頭打ちました?
「悪役令嬢?何ですかそれ」
「君のことだ」
首をかしげる美しい令嬢に、美男性は容赦なく突っ込む。
令嬢は、手に持っていたティーカップをテーブルに置き、美男性を見つめる。
「な、なんだ?」
「いえ、どこかで頭でも打ったのかと思いまして」
「打ってない」
きっぱりと言う。即答だ。
「そうですか、やはり医者に」
と令嬢は立ち上がろうとした。
「打ってないと言っているだろう」
美男性に止められた。仕方なく、令嬢は椅子に座りなおす。
「‥」
「なんだ、その目は」
「いえ、この国の王太子ともあろうお方がそんな事をおっしゃるていることが信じられなくて」
「悪かったな」
令嬢は紅茶を一口飲むと、「ふぅ」と息をついて「それで」と続けた。
「悪役令嬢とはなんのことですか?カイル・アルメディア殿下」
この国の第一王子、カイル・アルメディア王子。その容姿はとても綺麗で、なおかつ魔力と剣術もたけているという。
「セシェーナ・アセイド公爵令嬢、急に他人行儀だな」
アルメディア国の宰相の公爵令嬢、セシェーナ・アセイド。カイルと同じく、容姿端麗。剣術はやってはいないものの、魔法の操作がずば抜けている。
「殿下こそ。身分はわきまえています」
「では、さっきの会話はなんだったのだ?」
「空耳ではございませんか」
「そうか、では話を戻そう。」
カイルはニコニコしながら目の前にあるコーヒーを飲む。
「僕は〝転生者〟だ。そして、ここは僕の前世の姉がプレイしていた、乙女ゲームの世界だ」
「‥‥殿下、やはり医者に」
「行く必要はないと言っている」
カイルは言い切る。セシェーナは目をパチパチしている。そして、呆れたようにため息をついた。
「分かりました。詳しくお聞きしてもよろしいでしょうか?」
「やっと信じてくれたか」
「いえ、全然」
セシェーナは手を左右に振る。
「もういい。実はなー」
ーカイル殿下の話によると、ここは乙女ゲーム?という世界で、私は悪役令嬢という役で、ヒロインというこの世界?の主人公をいじめる役らしい。そして、その結果私は、公爵家から追放されるらしい。
「舞台は、来年。フォレスト学園で、攻略キャラ達は出会う」
「せ、攻略キャラ様‥でしょうか?」
「つまり、落とす相手のことだ。」
フォレスト学園。それは、魔力を持つ貴族たちが通う場所だ。セシェーナとカイルはまだ15歳。来年からだ。
「はぁ。それで殿下は私にどうしろとおしゃいますの?」
セシェーナは真剣な表情で聞く。乙女ゲームとかいうもののせいで、公爵家から追放なんてごめんなのだ。
「僕を攻略させないでほしい。」
やはりか、とセシェーナは思った。そもそも、こんな事実をカイルがセシェーナに言うのだから攻略以外、他に理由がない。
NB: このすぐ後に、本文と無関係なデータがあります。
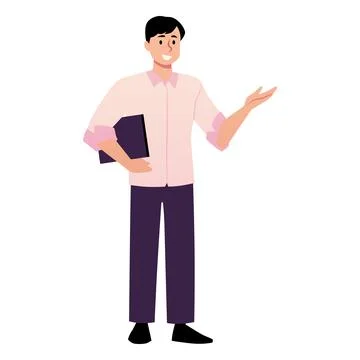 Man with tablet in presenting pose, explaining, showing, vector flat business Stock Illustration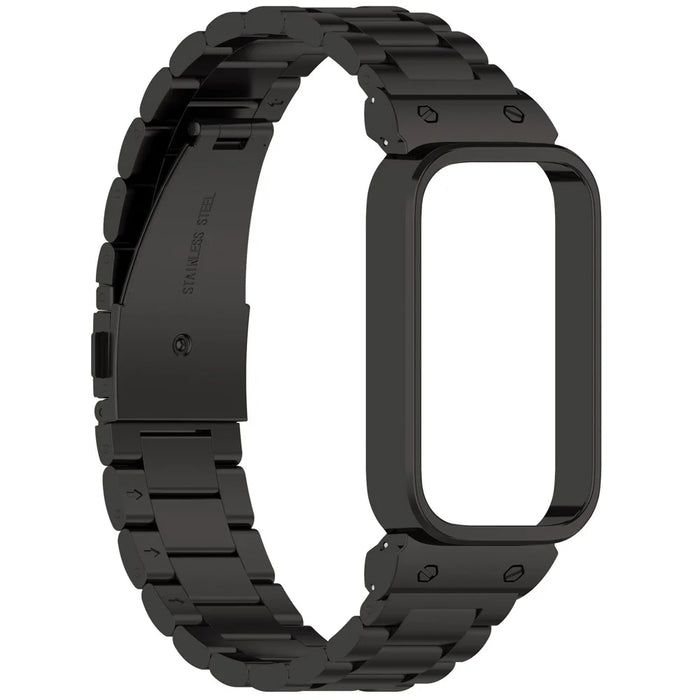 For Xiaomi Smart Band 9 Active / Redmi Band 3 Metal Frame Watch Case Integrated Three Bead Stainless Steel Strap - Black - 3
だか、セシェーナの中では、カイルが言ってることはまだ、とても信じられないのだ。
セシェーナが黙って考えていると、カイルが口を開いた。
「僕はそもそも、君の婚約者だ。今さら、変えるつもりはない。だが、もしかしたらゲーム補正が出てきてしまうのかと思うと‥」
ー殿下ともあろうお方が、こんな感じでは駄目ではないでしょうか?そういえば、殿下って嘘を言ったことがありませんでしたわね。とりあえず、私も追放されたくないですし協力した方がいいですね。
「殿下、まだ信じ難いですが、その件協力させていただきます」
「ああ、ありがとう」
この時のセシェーナはなんとしてでも追放を避けたかった。